Growing and harvesting
The Chinn family, based in the Wye Valley in Herefordshire, are one of the most innovative growers in the UK. (See our Product Profile from 2015).
Their advances at Wye Valley Produce include a "reverse season" technique (more on this later), which allows for an asparagus crop in autumn. They are also unusual in growing white asparagus, which is shielded from sunlight under mounds of soil, and extending the season far outside the normal window of April 23rd to June 21st.
The asparagus is hydro cooled within one hour after harvest to maintain sugar levels and then delivered to the market that night. "It's 24 hours from us cutting to a chef cooking it," says Chris Chinn (pictured below).
In Norfolk, Andy Allen of Portwood Asparagus is another leading grower. On his farm of around 200 acres, he uses small plastic cloches on around a third of his crop to extend the season by two to three weeks. "This protects it from frost and radiates a bit of heat to the ground," he says. Total production is around 250-300 tonnes.
Allen uses Dutch varieties of asparagus, as their climate is similar to ours. The 'crowns', which are the sprawling root systems, are first planted in long shallow rows.
Three years later, they get the first cut at precisely 22cm in height. The spears are washed, hydro cooled, and trimmed before being boxed and dispatched to Market.
In terms of innovation, Wye Valley's "reverse season" technique involves letting the plants grow their fern earlier in the season then cutting it back. However, yield is reduced and late season asparagus, while a wonderful treat, does come at a price.
On the Market
Wye Valley asparagus is readily available on the Market. Simon Collier-Ward of Side Salads sells the Portwood asparagus. He started selling the product six years ago and sold 4 tonnes in the first year. Last year the total was 52 tonnes.
He advises looking for stems that have very little white colour and are freshly cut. The head should be clean and tight. "You don't want it open because it's flowering".
Grade 2 asparagus - ideal for soups and similar products - is also available.
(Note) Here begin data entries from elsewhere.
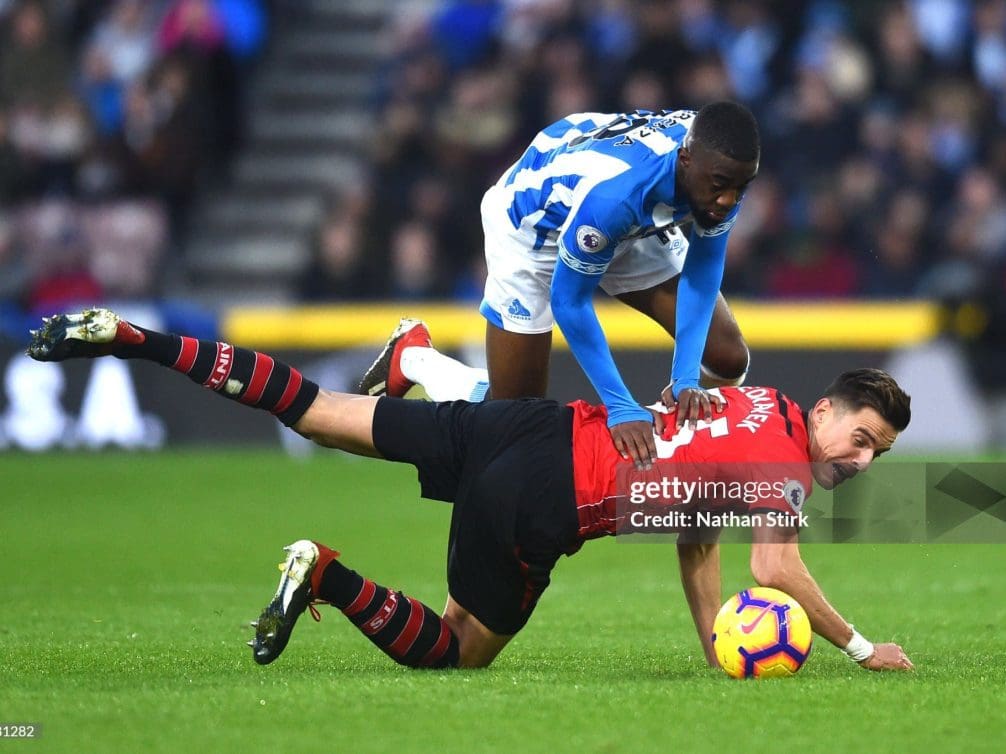 Intense football tackle during a Premier League match.
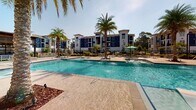 Located at 8890 Ransley Station Blvd in Pensacola, Florida, this outdoor amenity space delivers a resort-style experience set against the backdrop of a modern multi-story residential community finished in bold navy blue and crisp white. At the heart of the space is a generously sized swimming pool with built-in water features and in-pool lounge platforms, designed for both relaxation and recreation. The pool deck is finished in warm, textured concrete and is dotted with tall palm trees that evoke a true Florida coastal atmosphere under abundant natural sunlight. Surrounding the pool, ample seating areas are outfitted with lounge chairs and umbrella-shaded tables, offering residents a variety of options for outdoor leisure. A substantial wood-framed pergola on one side of the deck provides a shaded gathering area complete with additional seating and an outdoor kitchen or grill station. Manicured landscaping with lush greenery, ornamental shrubs, and mulched garden beds lines the perimeter walkways and black aluminum fencing, creating a polished and well-maintained environment. Hammocks are thoughtfully placed throughout the grounds for added relaxation. Wide, smooth pathways connect all areas of the amenity space, making it accessible and easy to navigate throughout the community.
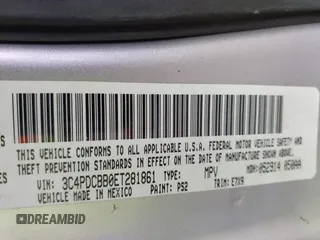 2014 Dodge Journey SXT with VIN 3C4PDCBB0ET281861, listed as a IAAI auction lot 42187485 with 124,191 mi miles and . Bid and sale history available at DreamBid. Image 9.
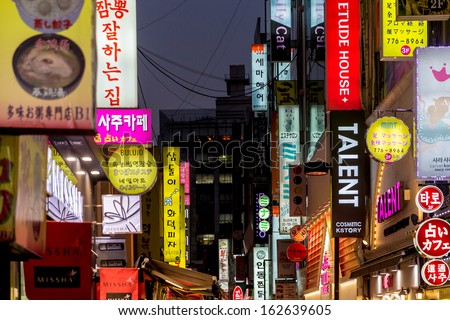SEOUL - NOVEMBER 5: Myeong-Dong Neon Lights November 5, 2013 in Seoul, South Korea. The location is the premiere district for shopping in the city.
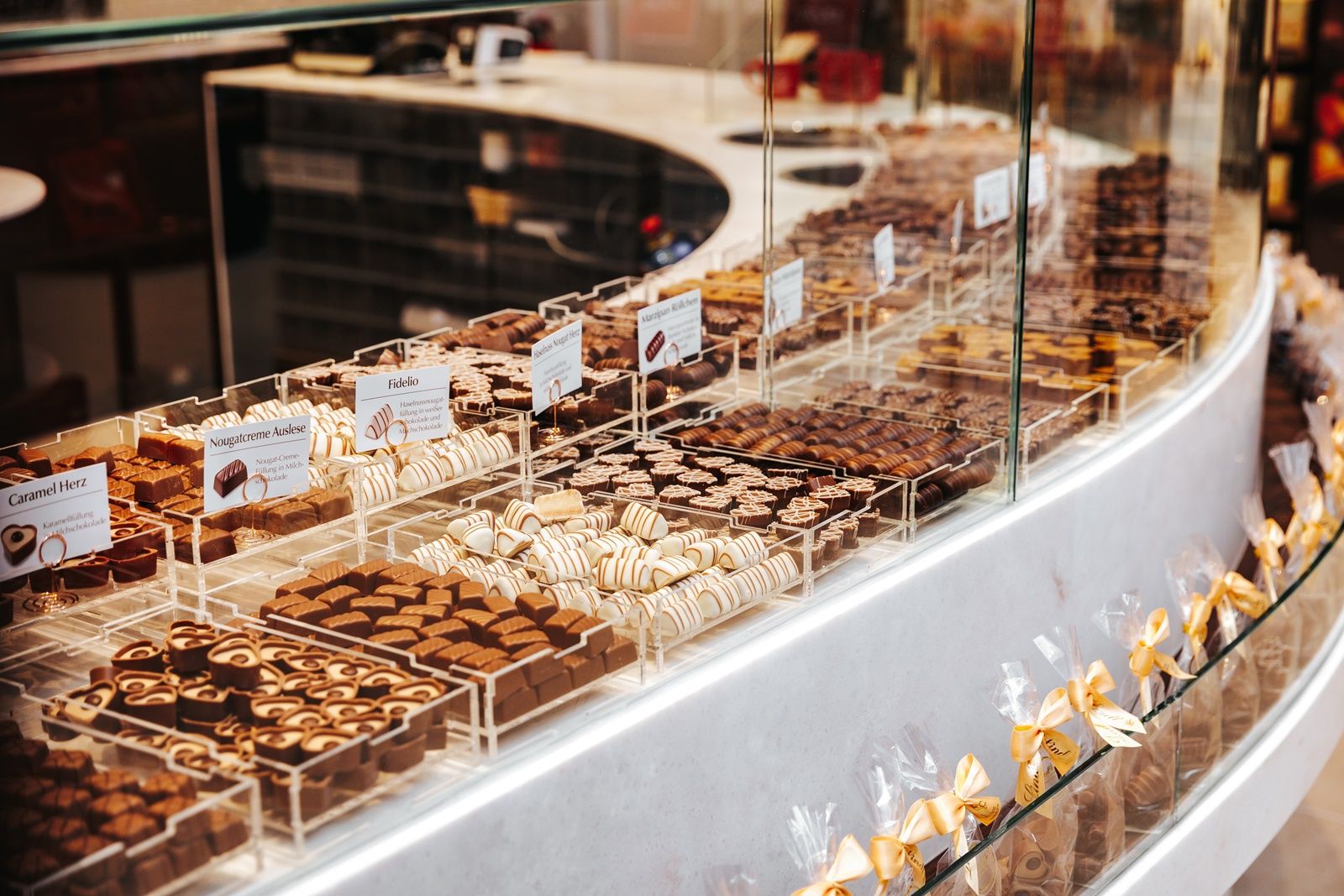 A counter with a large selection of chocolates in different varieties and shapes.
But Collier-Ward warns that quality product is often not substantially cheaper. This is because the grower still incurs the cost of the washing and hydro cooling processes. "The only way you will get Class 2 grass is if you cut it in the field and throw it in a box," he explains. In recent years, there has been a growth of interest in jumbo asparagus, too - phone ahead if you want to try these extra large spears.
Keep it simple - that's the mantra. Some chefs trim the bottom of the spears and use a special asparagus steamer, which allows you to gently simmer the thicker base of the spears while steaming the tips.
Of course, many chefs like to add their own distinctive twist.
At the chain of Caravan restaurants in London, chef Miles is planning dishes such as charred asparagus with Jersey Royals, garam masala crème fraiche and curry leaves. Or grilled asparagus with stilton, sweet miso and Thai basil.
In this stunning photo from Instagram, chef Daniel Watkins has created a dish of slivers of asparagus with burrata and hazlenuts.
These are from chef Jan Kubat in Poland. The first shows halved spears served with confit egg yolk, buttermilk, green olives, parsley and pea shoots. The second is a riff on Eggs Benedict.